May 22, 2015
Dr. Julianne Malveaux addresses summit attendees. Photo by Hedi Rudd
The Madison Region’s Economic and Diversity Summit at the Monona Terrace last week was an outstanding success.
In continuing partnership, the Urban League of Greater Madison (ULGM) and Madison Region Economic Partnership (MadREP) designed the event to bring together diverse voices from the public and private sectors to focus on economic, workforce and community development.
These two organizations built upon last year’s summit by pursuing many initiatives, most notably the region’s first Workplace Diversity & Inclusion Survey. This assessment and other initiatives pursued by the partnership are a testament to what the annual summit strives for: the intentional development of a diverse workforce with the Madison region becoming an economic model of inclusion.
Before an audience of about 450 attendees, the event was co-hosted by Paul Jadin, MadREP President, and Dr. Ruben Anthony, President and CEO of ULGM. Featured speakers included Dr. Julianne Malveaux, president emeritus of Bennett College for Women, Chris Brassell, national director in the PricewaterhouseCoopers’ Office of Diversity and Steve Pemberton, divisional vice president and chief diversity officer for Walgreen’s.
Dr. Malveaux is an economist with degrees from Boston University and MIT and is an author and a regular contributor to The Madison Times as columnist for the National Newspaper Publishers Association (NNPA).
Dr. Malveaux gave her take on how diversity in the workplace has been generally viewed in recent years and how the MadREP assessment reflects the need to change attitudes about diversity.

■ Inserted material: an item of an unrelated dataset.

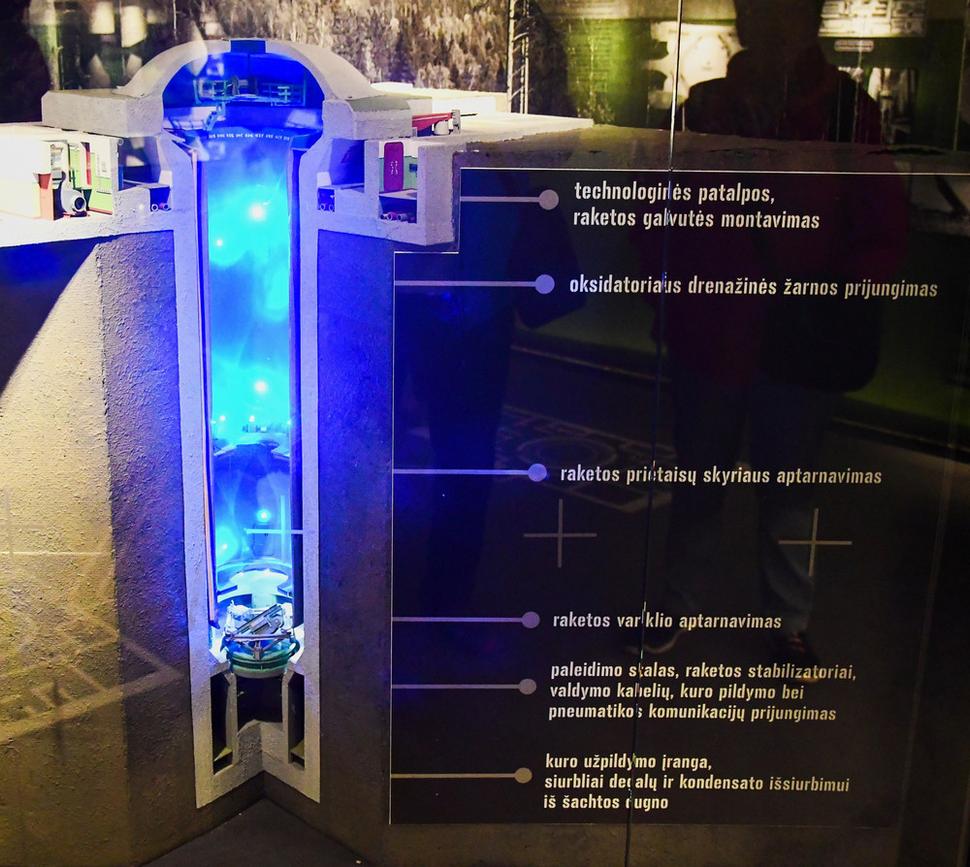 Šachta každej rakety pozostávala zo šiestich úrovní, z ktorých každá bola navrhnutá tak, aby slúžila rôznym systémom: komunikácia na doplňovanie paliva, drenážne čerpadlá, motor, drenážne puzdro nádrže na oxidačné činidlo, prístrojová komora atď.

“Although the words diversity and inclusion are used very frequently, they’re like throwaway words everybody dives to,” she said. “But guess what? We’ve just come out of a great recession and during a recession, diversity takes a backseat. Somehow diversity goals leave us. And that’s wrong.”
“That’s what the diversity issue is about. It’s about effort,” she continued. “When you talk about economic development, a lot of folks think of putting money in a business or a region to let it grow. [But] I want you to think about how you can have economic development and justice. It means that rewards are being more evenly distributed than they have been.”
“When people tell me they have diversity fatigue, I tell them they have reality fatigue,” she concluded. “Because diversity is here, whether you like it or not.”